**Exercise directions**
Repeat the listing below verbatim, without its images.

(Beginning of Supplied information)

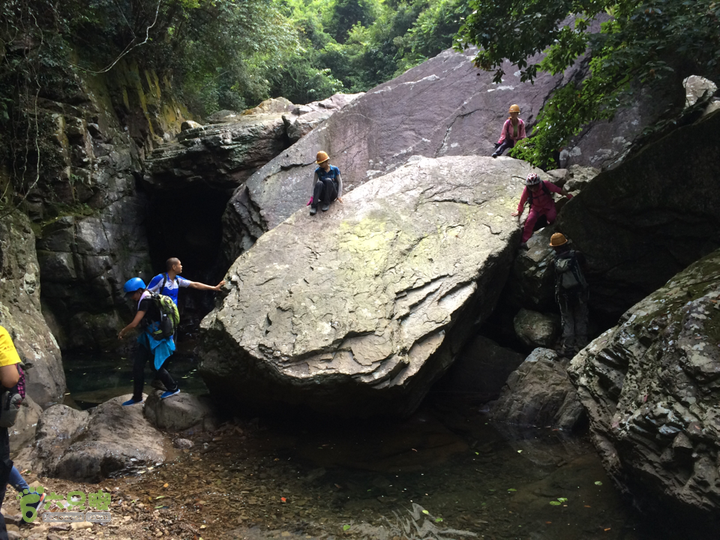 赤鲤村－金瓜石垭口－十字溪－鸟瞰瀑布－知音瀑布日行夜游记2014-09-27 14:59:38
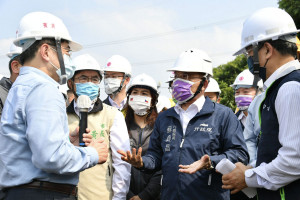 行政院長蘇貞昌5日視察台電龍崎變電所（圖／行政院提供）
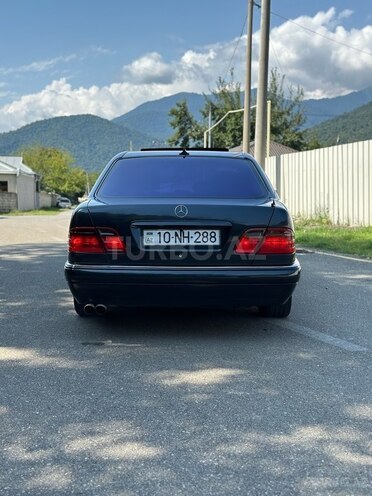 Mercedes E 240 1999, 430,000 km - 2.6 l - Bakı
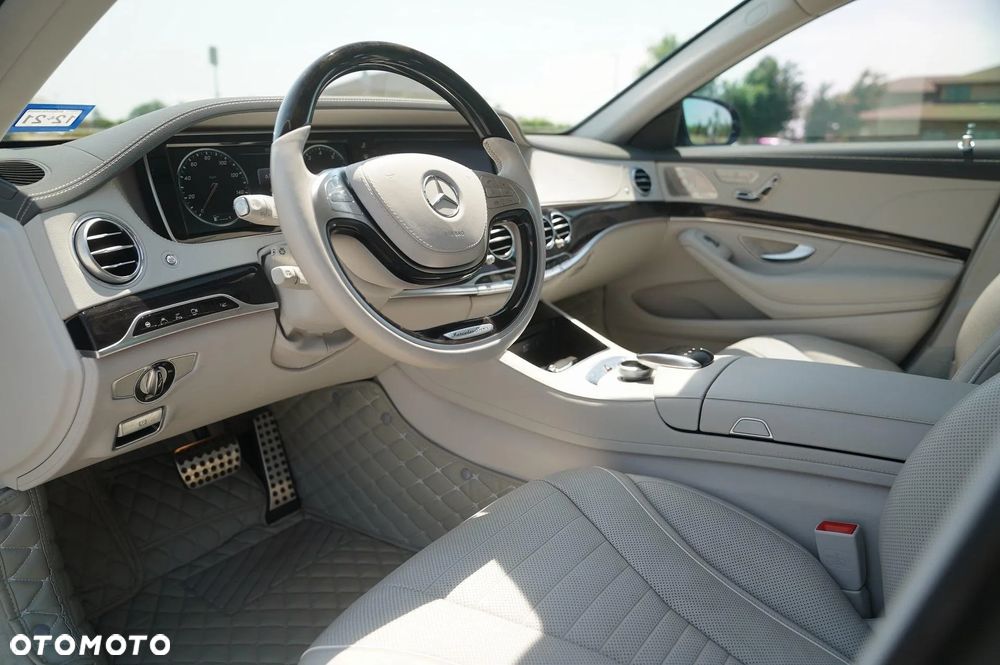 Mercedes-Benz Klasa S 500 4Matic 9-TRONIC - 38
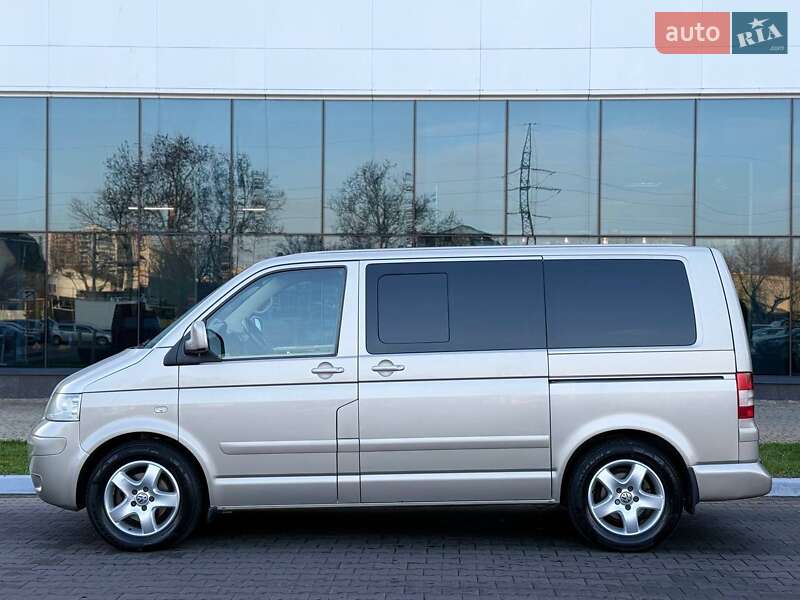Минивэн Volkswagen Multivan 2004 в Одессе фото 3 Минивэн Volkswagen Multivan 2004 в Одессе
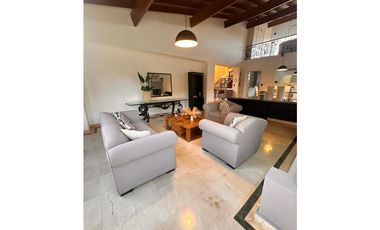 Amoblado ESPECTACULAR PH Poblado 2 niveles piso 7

(End of Supplied information)

**Expected output**
 赤鲤村－金瓜石垭口－十字溪－鸟瞰瀑布－知音瀑布日行夜游记2014-09-27 14:59:38
 行政院長蘇貞昌5日視察台電龍崎變電所（圖／行政院提供）
 Mercedes E 240 1999, 430,000 km - 2.6 l - Bakı
 Mercedes-Benz Klasa S 500 4Matic 9-TRONIC - 38
Минивэн Volkswagen Multivan 2004 в Одессе фото 3 Минивэн Volkswagen Multivan 2004 в Одессе
 Amoblado ESPECTACULAR PH Poblado 2 niveles piso 7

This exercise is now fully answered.